An interesting note on Suspension setup, summitted by Charlie Sherwood, from the Aprilla List

Unless you are 200lbs + or 140 lbs or less, the springs on the bike will probably be OK. Figuring out the right size replacement spring and supplying and installing one might be something a set-up specialist could help you with, but if you go through the bike setting up the pre-load first, then rebound, then compression, you'll probably get 80% or better of the benefit.

For regular riding on regular roads,you want less compression than racers use generally.You want to make sure the springs are strong enough for your weight. You can compensate only so much for a weak spring with pre-load settings.

You want to set the spring so it doesn't allow the suspension to bottom on the bump stops and it doesn't fully extend (top out) either. Let the spring do most of the suspension work, not the damper. You'll be more comfortable and the suspension will work better. Generally, this means the suspension should be 1/3 compressed at a standstill with full rider and gear weight on it.

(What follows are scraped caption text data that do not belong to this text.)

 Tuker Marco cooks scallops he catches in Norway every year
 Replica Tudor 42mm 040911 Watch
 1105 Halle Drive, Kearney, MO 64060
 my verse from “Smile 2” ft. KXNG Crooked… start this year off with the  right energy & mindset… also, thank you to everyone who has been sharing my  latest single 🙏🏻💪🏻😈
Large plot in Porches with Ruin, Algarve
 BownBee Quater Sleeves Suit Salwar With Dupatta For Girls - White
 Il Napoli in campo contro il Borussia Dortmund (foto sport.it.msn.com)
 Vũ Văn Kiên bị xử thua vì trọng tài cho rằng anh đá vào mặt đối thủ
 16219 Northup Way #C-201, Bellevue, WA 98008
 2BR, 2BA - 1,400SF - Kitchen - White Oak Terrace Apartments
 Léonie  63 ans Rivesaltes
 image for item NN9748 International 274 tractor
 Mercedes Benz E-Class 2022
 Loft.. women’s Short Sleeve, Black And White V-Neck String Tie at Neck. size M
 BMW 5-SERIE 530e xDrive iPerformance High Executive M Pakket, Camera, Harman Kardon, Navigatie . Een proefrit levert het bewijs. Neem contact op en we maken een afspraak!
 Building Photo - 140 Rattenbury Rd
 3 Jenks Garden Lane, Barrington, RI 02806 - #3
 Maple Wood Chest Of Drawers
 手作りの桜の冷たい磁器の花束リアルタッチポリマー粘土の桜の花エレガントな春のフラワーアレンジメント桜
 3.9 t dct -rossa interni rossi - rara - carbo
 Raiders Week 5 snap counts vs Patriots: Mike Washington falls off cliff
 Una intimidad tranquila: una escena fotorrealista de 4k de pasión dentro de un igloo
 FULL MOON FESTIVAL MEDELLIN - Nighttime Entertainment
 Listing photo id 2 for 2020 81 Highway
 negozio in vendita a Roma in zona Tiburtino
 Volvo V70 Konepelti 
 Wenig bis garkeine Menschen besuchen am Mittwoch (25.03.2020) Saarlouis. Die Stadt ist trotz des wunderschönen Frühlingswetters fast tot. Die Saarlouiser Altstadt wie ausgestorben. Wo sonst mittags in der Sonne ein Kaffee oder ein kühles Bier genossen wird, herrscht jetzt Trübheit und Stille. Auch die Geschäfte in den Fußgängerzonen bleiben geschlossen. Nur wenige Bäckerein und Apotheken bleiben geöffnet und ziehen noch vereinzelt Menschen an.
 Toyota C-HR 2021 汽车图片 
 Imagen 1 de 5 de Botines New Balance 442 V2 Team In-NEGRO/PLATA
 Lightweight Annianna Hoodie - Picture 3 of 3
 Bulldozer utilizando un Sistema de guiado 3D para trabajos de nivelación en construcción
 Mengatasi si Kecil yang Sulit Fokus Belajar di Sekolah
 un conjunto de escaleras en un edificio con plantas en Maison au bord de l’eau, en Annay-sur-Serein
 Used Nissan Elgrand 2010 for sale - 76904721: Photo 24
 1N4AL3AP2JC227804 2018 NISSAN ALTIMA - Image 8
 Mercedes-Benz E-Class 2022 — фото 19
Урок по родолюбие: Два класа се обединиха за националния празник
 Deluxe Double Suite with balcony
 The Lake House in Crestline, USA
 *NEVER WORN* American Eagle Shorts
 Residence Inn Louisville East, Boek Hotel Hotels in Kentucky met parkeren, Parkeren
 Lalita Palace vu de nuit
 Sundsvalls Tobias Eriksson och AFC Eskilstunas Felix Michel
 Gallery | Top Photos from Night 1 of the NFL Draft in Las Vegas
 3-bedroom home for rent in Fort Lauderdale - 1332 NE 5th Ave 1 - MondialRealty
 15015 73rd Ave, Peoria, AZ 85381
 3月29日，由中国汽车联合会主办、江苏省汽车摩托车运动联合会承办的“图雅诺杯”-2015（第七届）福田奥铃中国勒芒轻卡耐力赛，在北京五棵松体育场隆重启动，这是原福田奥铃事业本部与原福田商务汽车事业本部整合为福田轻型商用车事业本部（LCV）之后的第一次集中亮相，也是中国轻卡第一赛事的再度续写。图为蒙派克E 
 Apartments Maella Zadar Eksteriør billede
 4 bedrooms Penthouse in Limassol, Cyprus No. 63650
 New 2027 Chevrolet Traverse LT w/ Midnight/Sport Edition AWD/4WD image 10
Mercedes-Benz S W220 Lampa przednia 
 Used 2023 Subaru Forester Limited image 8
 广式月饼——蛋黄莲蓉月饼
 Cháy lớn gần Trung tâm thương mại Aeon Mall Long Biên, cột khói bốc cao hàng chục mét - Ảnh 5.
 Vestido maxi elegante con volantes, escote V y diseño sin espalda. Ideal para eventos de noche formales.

Rebound damping should be set so that the bike takes about one second to rebound after being pushed down. It should simply return to static position, it shouldn't move higher and then come back down. Too much rebound damping can make the suspension "pack up" on a series of bumps. The spring eventually ends up compressed to the bump stops because rebound was too slow to recover.Too little rebound damping gives the bike a baby-buggy or pogo stick ride....springy and loose.

Compression damping is what makes a bike ride "hard" on bad (normal) roads. You want to dial in as little as possible without making the bike handle poorly. This takes a bit of experimentation. Not enough compression in front causes fork dive.You can bottom the forks on hard braking. Too much causes the bike to loose control on bumpy turns and feel too busy.  

Too much compression in the rear will wreck your spine and cause the back to bounce all over bumpy corners. Too little will make it feel sloppy. A little compression goes a long way. Don't fix something with compression that you can fix with a spring pre-load change....let the springs do their job first.

On the mille rear suspension.Rebound adjustment is at the bottom of the shock. compression is on the piggy back unit on top. Spring pre-load is changed with a spanner wrench from the dealer.Everyone should have a way to adjust pre-load on their bike.....use some WD 40 on the threads and loosen the lock-ring first before adjusting.A nice dealer can show you this stuff on a slow day.

On the front, Rebound is the small middle adjustment on the top of each fork.Compression is on the bottom of each fork.Pre-load is the larger outside adjustment on top of each fork. Make sure both forks are adjusted the same.Otherwise, you will be cocking the forks with each bump.

For what it's worth, this is what I, Mr. Amature road rider do with my bikes. My Mille R, however, didn't seem to respond well to all this, so I put the settings all back to stock ("racing" on the R version) and just reduced the compression damping until the bike worked for me. I get more fork dive than before, but it doesn't bottom and it is lots more secure on bumps, of which there are plenty.